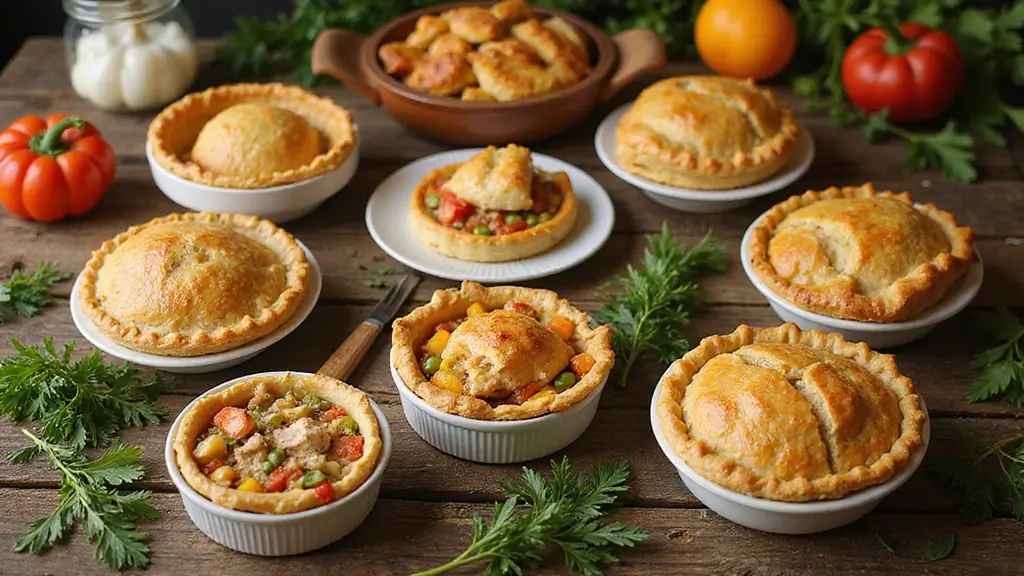 27 Rotisserie Chicken Pot Pie Recipes That Feel Home-Baked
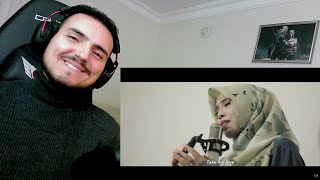 Vanny Vabiola - I Have Nothing | Whitney Houston Cover Reaction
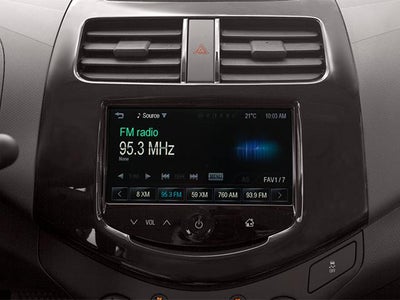 2014 Chevrolet Spark Hatch LS (Manual)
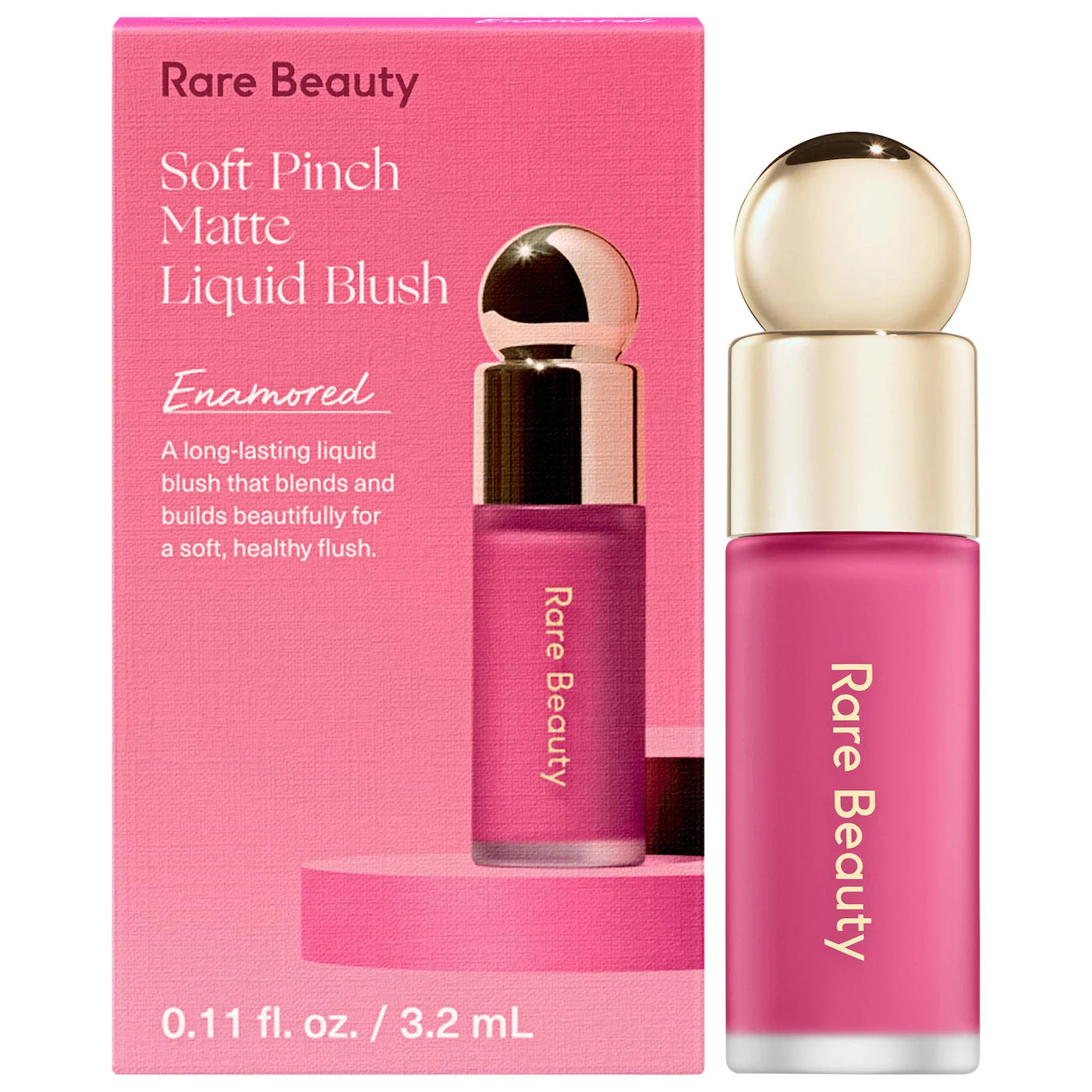 Rare Beauty by Selena Gomez  Mini Soft Pinch Liquid Blush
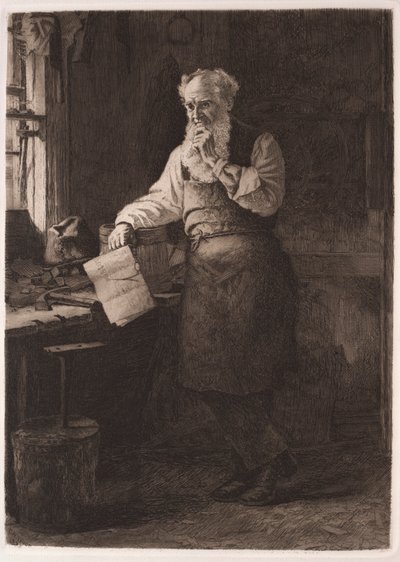 Pensandoci bene da Thomas Waterman Wood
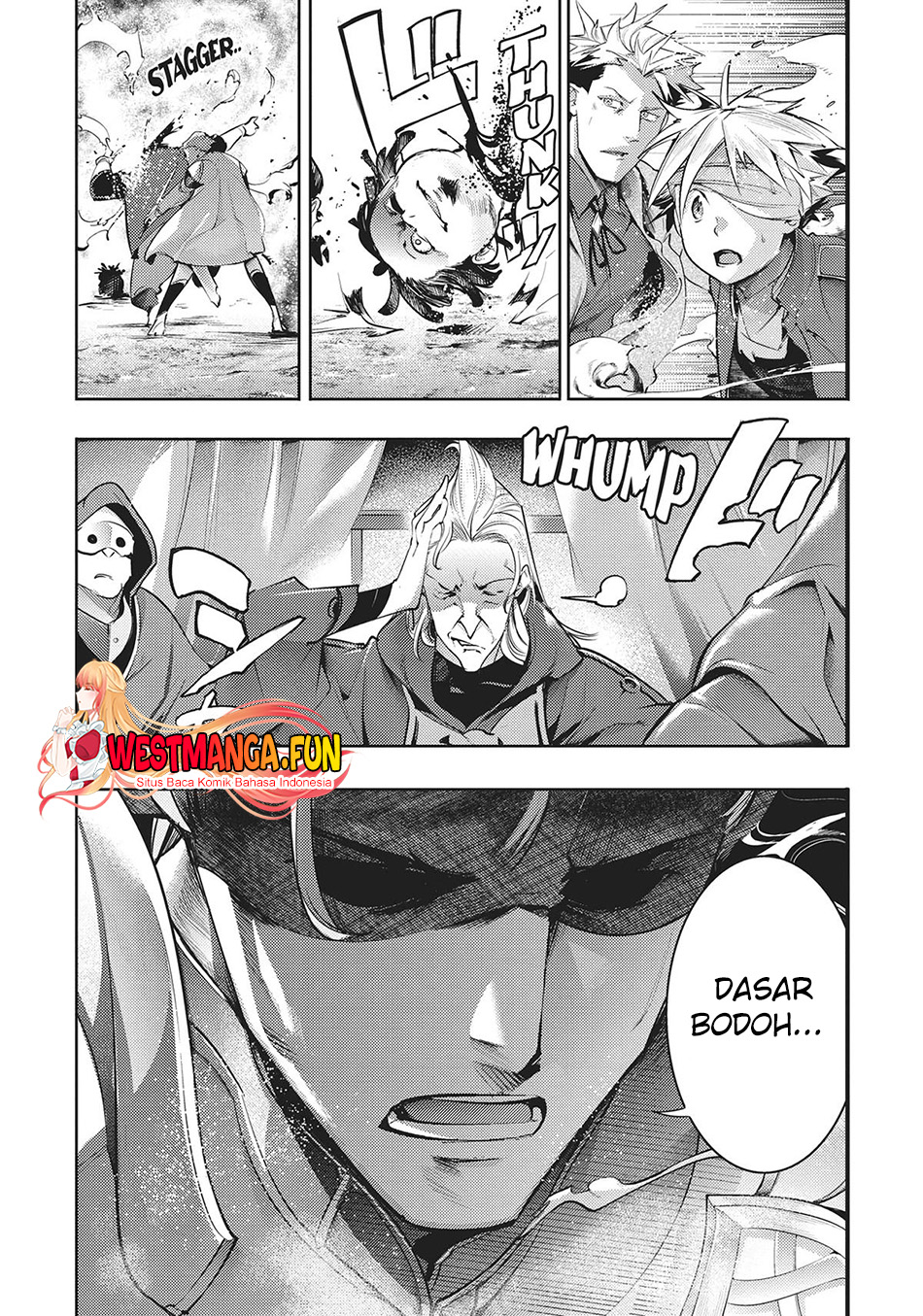 World’s End Harem FANTASIA Chapter 39 Gambar 35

□ □ □

▶ Task details: Copy exactly, please, every line from the one holding "2014 Chevrolet Spark Hatch LS (Manual)" through the last line of the data, both ends included, and no pictures.

▶ Response box:
 2014 Chevrolet Spark Hatch LS (Manual)
 Rare Beauty by Selena Gomez  Mini Soft Pinch Liquid Blush
 Pensandoci bene da Thomas Waterman Wood
 World’s End Harem FANTASIA Chapter 39 Gambar 35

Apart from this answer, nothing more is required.